It's 9 a.m. when we drive a Yamaha Rhino 660 onto the flourlike sand of Coral Pink Sand Dune State Park and out of sight of our Ford F-350 Super Duty Crew Cab 4x4. On the back of the truck is a Lance camper, which serves as our home on wheels during this adventure.
Coral Pink is a seven-mile-long, half-mile-wide sliver of southwestern Utah real estate. It's at the base of the famous Utah Steps, a geological formation of Navajo sandstone that leads into Zion National Park to the northwest and Grand Staircase-Escalante National Monument to the northeast.

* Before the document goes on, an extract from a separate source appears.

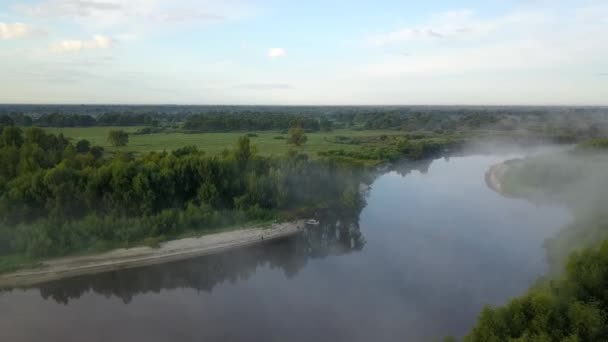 Lot Nad Lasem Przelot Nad Rzeką Panorama Równiny — Wideo stockowe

The dune complex is actually a valley in a deep notch between the Moquith Mountains to the east and the Moccasin Mountains to the north. Its location serves as a natural collection area for the fine sands blown off the surrounding mountains' steep red cliffs and outcroppings.
The lower 1200 acres are under the protection of the Utah State Parks Department; the larger, upper portion of the dunes and the surrounding land are under BLM control.
The park itself is a year 'round recreational area, perfect for those who enjoy playing with their motorized toys in a giant sandbox. Well, maybe not year 'round. "Spring, early summer, and fall are really the most ideal times to ride in the Pink," says Michael Frank, the park's head ranger. "During the heat of summer, temperatures can easily top 100 degrees. That kind of heat, combined with our altitude (6000-foot elevation) can make it uncomfortable for those who aren't used to such conditions."